Safety: earthquakes

US reactors prepare to review seismic hazards

23 April 2012



In March 2012, the Nuclear Regulatory Commission asked all 104 nuclear power plants in the United States to re-evaluate seismic hazards. As part of the process, plants in the Central and Eastern US will use a new seismic model that includes data from earthquakes over the last 440 years. By Caroline Peachey


The safety of nuclear power plants against earthquakes and other natural phenomena has been thrust into the spotlight recently following two significant earthquakes in 2011. The first was the 11 March 2011 earthquake and resulting tsunami that crippled the Fukushima Daiichi nuclear plant in Japan. The second occurred in August 2011 in Virginia, USA, and forced three reactors at Dominion’s North Anna nuclear power station offline for over two montahs.

The NRC Fukushima Near Term Task Force (NTTF) has recommended that the re-evaluation of seismic and flooding hazards for each nuclear power plant in the United States (recommendation 2.1) be carried out ‘without unnecessary delay.’ (It is among eight Tier 1 or top priority recommendations resulting from the USA’s post-Fukushima safety review.) However it is important to note that a review of seismic hazards at US nuclear power plants has been on the agenda for over a decade.

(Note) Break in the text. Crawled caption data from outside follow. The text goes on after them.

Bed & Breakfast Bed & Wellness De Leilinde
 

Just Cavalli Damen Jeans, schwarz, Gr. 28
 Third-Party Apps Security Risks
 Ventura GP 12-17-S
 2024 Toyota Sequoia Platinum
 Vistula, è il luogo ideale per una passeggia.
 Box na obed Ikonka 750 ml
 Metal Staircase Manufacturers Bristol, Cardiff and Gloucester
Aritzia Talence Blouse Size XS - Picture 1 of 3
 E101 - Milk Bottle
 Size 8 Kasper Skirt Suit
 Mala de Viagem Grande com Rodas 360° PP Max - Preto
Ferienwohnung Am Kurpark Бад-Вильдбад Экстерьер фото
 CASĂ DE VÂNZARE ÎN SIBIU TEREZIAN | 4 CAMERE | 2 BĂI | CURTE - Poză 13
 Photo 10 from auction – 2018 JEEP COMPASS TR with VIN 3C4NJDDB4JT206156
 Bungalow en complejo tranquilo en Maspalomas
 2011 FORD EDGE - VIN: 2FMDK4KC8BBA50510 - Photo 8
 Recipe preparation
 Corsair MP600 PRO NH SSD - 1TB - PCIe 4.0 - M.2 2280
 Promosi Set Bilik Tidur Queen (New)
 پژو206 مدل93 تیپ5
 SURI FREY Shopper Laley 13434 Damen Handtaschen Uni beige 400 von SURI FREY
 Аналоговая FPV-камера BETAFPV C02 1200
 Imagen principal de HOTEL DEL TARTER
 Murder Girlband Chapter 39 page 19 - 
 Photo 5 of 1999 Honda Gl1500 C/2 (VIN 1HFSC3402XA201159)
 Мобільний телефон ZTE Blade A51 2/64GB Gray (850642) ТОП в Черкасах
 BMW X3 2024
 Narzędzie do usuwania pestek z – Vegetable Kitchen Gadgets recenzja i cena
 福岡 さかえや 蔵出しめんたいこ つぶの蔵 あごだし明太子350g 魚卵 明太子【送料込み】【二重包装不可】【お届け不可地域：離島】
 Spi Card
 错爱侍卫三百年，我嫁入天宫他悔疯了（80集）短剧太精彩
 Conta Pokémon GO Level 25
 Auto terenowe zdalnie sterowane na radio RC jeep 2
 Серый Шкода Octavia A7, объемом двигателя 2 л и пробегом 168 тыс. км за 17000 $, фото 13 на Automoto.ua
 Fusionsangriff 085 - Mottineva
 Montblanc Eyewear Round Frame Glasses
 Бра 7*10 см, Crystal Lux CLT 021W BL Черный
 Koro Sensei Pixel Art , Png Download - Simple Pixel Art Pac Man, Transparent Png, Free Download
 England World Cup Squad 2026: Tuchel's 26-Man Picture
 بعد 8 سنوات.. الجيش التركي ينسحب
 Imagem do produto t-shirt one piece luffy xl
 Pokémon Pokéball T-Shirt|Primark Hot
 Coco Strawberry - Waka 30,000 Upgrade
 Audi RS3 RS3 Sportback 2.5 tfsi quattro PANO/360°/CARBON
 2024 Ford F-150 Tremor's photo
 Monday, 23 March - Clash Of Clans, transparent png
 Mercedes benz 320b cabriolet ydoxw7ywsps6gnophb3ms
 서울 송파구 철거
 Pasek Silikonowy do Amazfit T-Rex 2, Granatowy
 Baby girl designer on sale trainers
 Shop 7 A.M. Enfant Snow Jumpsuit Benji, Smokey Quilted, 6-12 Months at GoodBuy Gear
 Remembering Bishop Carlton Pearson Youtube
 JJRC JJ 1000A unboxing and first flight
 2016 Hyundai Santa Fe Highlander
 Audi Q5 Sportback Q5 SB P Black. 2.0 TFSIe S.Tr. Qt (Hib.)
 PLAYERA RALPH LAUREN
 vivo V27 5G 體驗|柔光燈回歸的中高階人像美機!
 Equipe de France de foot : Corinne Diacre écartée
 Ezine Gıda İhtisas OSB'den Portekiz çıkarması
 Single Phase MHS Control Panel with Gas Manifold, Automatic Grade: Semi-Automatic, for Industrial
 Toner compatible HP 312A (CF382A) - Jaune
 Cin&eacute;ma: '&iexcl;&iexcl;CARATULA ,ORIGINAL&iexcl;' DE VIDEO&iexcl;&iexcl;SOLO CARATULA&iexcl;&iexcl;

This re-evaluation has now officially begun. The NRC has issued a formal request (docket number ML1203A188 on the USNRC’s ADAMS document database) asking all US nuclear power plants to provide information about the current hazard and potential risk posed by seismic events. This process will require plants to conduct a probabilistic seismic hazard analysis (PSHA). PSHA is an analytical method that estimates the likelihood that various levels of earthquake-caused ground motions will be exceeded at a given location in a future time period.

As part of this PSHA, NRC is expecting plants in the central and eastern United States to use the new Central and Eastern United States Seismic Source Characterization for Nuclear Facilities model (CEUS-SSC). This model contains the most up-to-date seismic source information for the CEUS, replacing the previous regional models that date back to the 1980s and 1990s. Plants in the Western US, a seismically active region, will use the latest site-specific earthquake models and data.

While the findings themselves will be site-specific, calculations made with the new model are expected to lead to an increase in seismic hazard, according to the Electric Power Research Institute.

“Calculations with the new model are expected to result in a higher likelihood of a given ground motion compared to calculations done using previous models,” the NRC said in a statement.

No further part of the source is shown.